- Follow your boss. A wise person once told me you should always know what your boss reads and read the same thing. It will help keep you if not a step ahead, at least you won’t be completely off the page from the person that decides if you keep your job.
In today’s social media it’s even easier to keep up with what your boss is thinking. Whether it’s reading any blogs that they write, or following them on twitter or chatter, knowing what he or she is saying can keep you in the loop.
- Know the “website guys” by sight. This is the executive team and board members that are listed on the web site. No one wants to be the one that says “Who are you?” to the CEO. Make sure you can at least remember who they are, what they manage and as importantly, who their administrative assistant is. You should also know your management chain by sight, from your immediate supervisor all the way through to the CEO.
- Invest in new “geekiness”. I know everyone is busy and no one has time to do this, but much like exercise you actually can find time to be geeky. In many cases this will actually save you time. For example, say you need to make a mass change to something like sharepoint profile photos. You could manually do them all one by one and probably in a day be done. But if you were a geek and knew about some import tools, you can probably automate this in a few hours, and then be able to keep it up to date.
Sort of like the saying “recognition doesn’t cost, it pays”, Geekiness in IT is the same way.
- Challenge the status quo, question decisions, but don’t argue. It’s OK to ask if we are doing things the best way. I once read a loser is someone who says “We’ve always done it this way” and a winner asks “Is there a better way?” Asking that question is a good way to show you want to make things better.
It’s also OK to question a decision. In fact sometimes this is a great way to show you are actually paying attention. We recently started talking about moving our email to the cloud. While I am not opposed to moving stuff to the cloud, we just finished migrating to exchange 2010. I made the observation that since we just moved and won’t need to upgrade for 3 more years anyway, we may want to look at a major system that is due for an upgrade instead.
There is a fine line though between being a person that questions decisions and someone who is disagreeable. Know where that line is and try really hard not to cross it. At the end of the day though, if you and your boss disagree that much, it may not be bad to find somewhere else to spend your days.
- Follow your company’s key technology. We are a big Salesforce.com shop as well as SAP, Dell and Microsoft. Knowing what the vision from each major vendor is key to making sure you stay ahead of the pack.
Unfortunately I am more in tune with Dell and Microsoft and less up on Salesforce and SAP. So I’ll be spending the next few weeks reviewing the dreamforce presentations and making sure I at least know where they are headed. I think this is time well spent.

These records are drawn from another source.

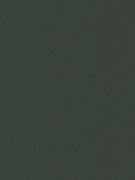 Obrázek: Závěs - BM BLAZE XXL - ZÁVĚS nebo ŘÍMSKÁ ROLETA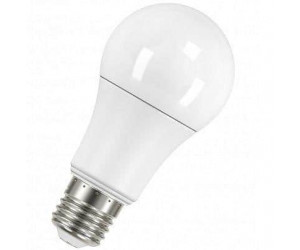 შუქდიოდური ნათურა OSRAM 6500K 9.5W 220V E27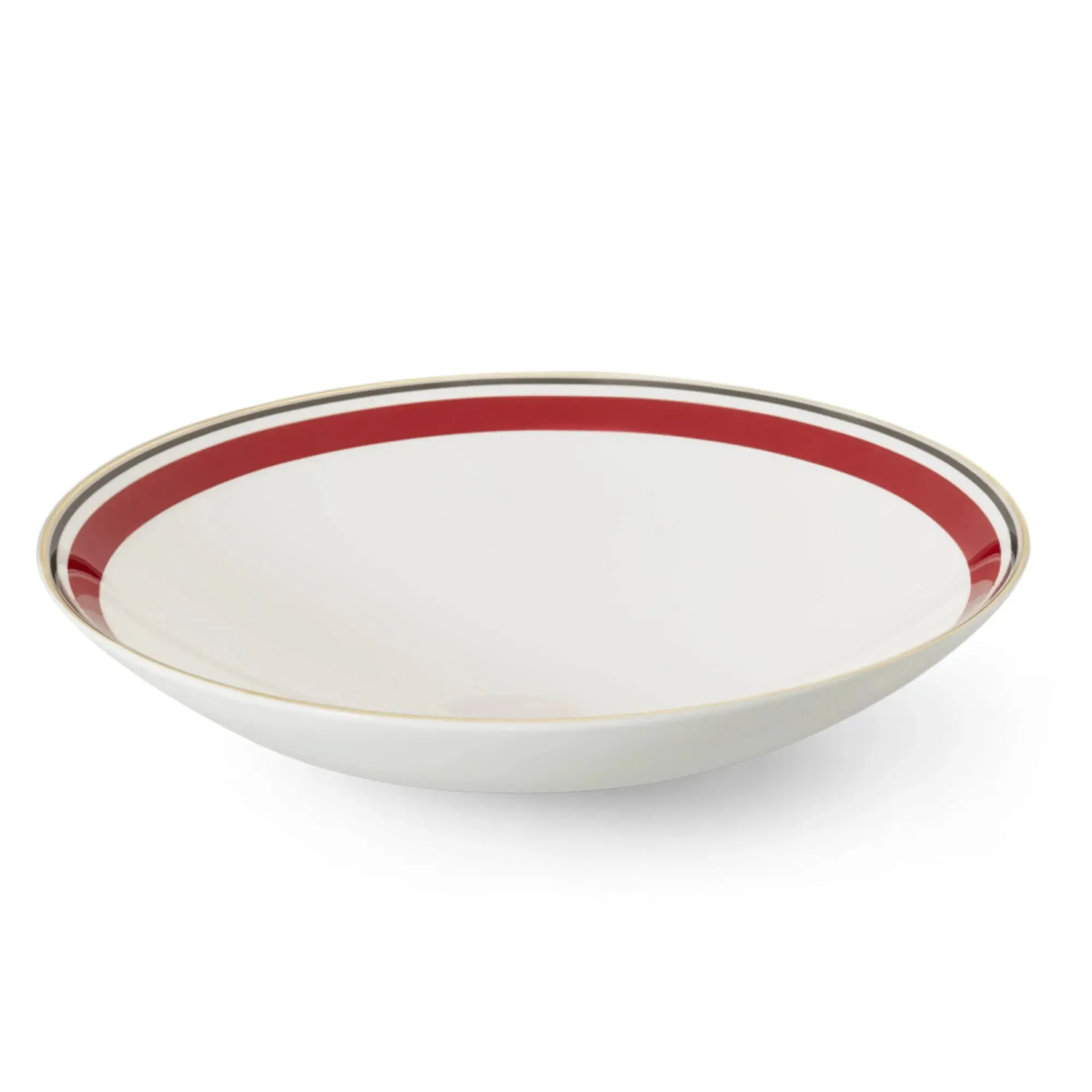 Capri - Plate/Bowl 9.4 in | 24cm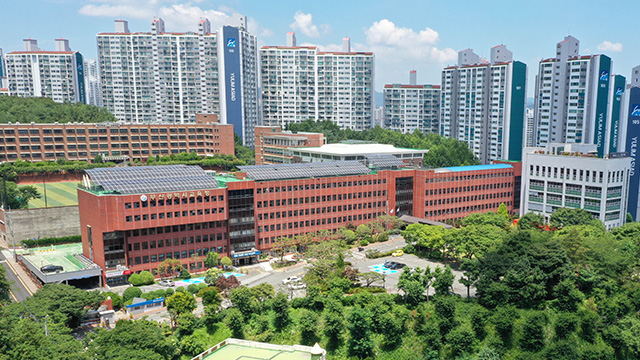 부산서 초등학생이 교사 폭행…부모는 아동학대로 교사 신고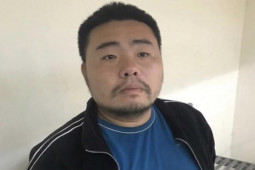 Pháp luật - Nguyên nhân kẻ biến thái dùng hung khí vô cớ tấn công nhiều phụ nữ trên đường phố Hà Nội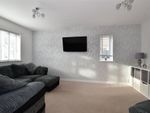 Thumbnail to rent in Eveas Drive, Sittingbourne, Kent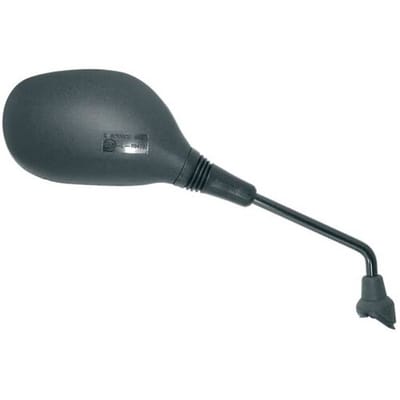 vicma rechter spiegel voor mbk 125 skycruiser 2006 tot 2007 ey429d / 1b9-f62901-000 nieuw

Since we are also looking at cloud applications, Google, Zimbra and many others are on my hit list to catch up on. Also important is knowing how these can integrate so knowing about any free, cloud or other tools that help integrating is key. Use things like twitter, online magazines or other tools to keep up to date.
- Never say no. Many times if you think the answer is no, you didn’t understand the reason behind the question. Now that said the answer isn’t always yes either. No one likes a “yes man”. Well some people do, but they are generally arrogant narcissists and their opinion is usually wrong.
One example that hit this home for me was when an engineering manager came to me and wanted to connect our guest wireless, which uses no encryption or authentication to be able to connect to our engineering labs. I held my comments, which was basically “That’s stupid” until then end. Once he finished and I asked a few pointed questions, it turned out what he really wanted was a way to test a new ipad application he was building. I was able to show him a way he could do this using infrastructure we already had and that didn’t jeopardize our security.
The answer wasn’t yes, but it wasn’t no either and we ended up both being happy with the outcome. Keep asking questions until you get to a solution that works.
- Network well. Many people think that this means signing up for linkedin and facebook and sending out invites. While that’s part of it, networking is way more than that. It’s about keeping yourself relevant as well. I really try to update something in my social networks so my connections see my name on a regular basis. Plus many times their connections may find me because of this. Does it work? I’ve got almost 900 linkedin connections and very often will get prompted for information from my network.
You can’t just do online updates though, face to face is still a better way to connect with someone. I try to at least once a week go to lunch or have coffee with someone. It can be a co-worker from a different department, a peer from a different company, a recruiter or vendor. We actually encourage folks to go down to the cafe and have a cup of coffee and mingle with their peers.
This is so important that my review has a goal to spend 30% of my time to be “internally socializing”, also called business alignment, 40% external socializing, also called marketing, and 30% running IT. We are a technology company that sells to IT departments so these numbers are probably a little skewed compared to other companies, but it is important for everyone to spend some time networking.
The last comment on networking is around helping your network. A friend of mine recently was looking for work when his company closed the site he managed. I pointed him to a few recruiters I liked that had openings and also offered to review his resume. Some people call this good karma and who knows maybe it is. I like to think so anyway, but it also helps build relationships. If someone helps you out though, it’s important to let them know how you made out. They helped you for a reason, the least you can do is let them know if it helped.
Anyway those are my tips. I’d love to hear what others have found to help them.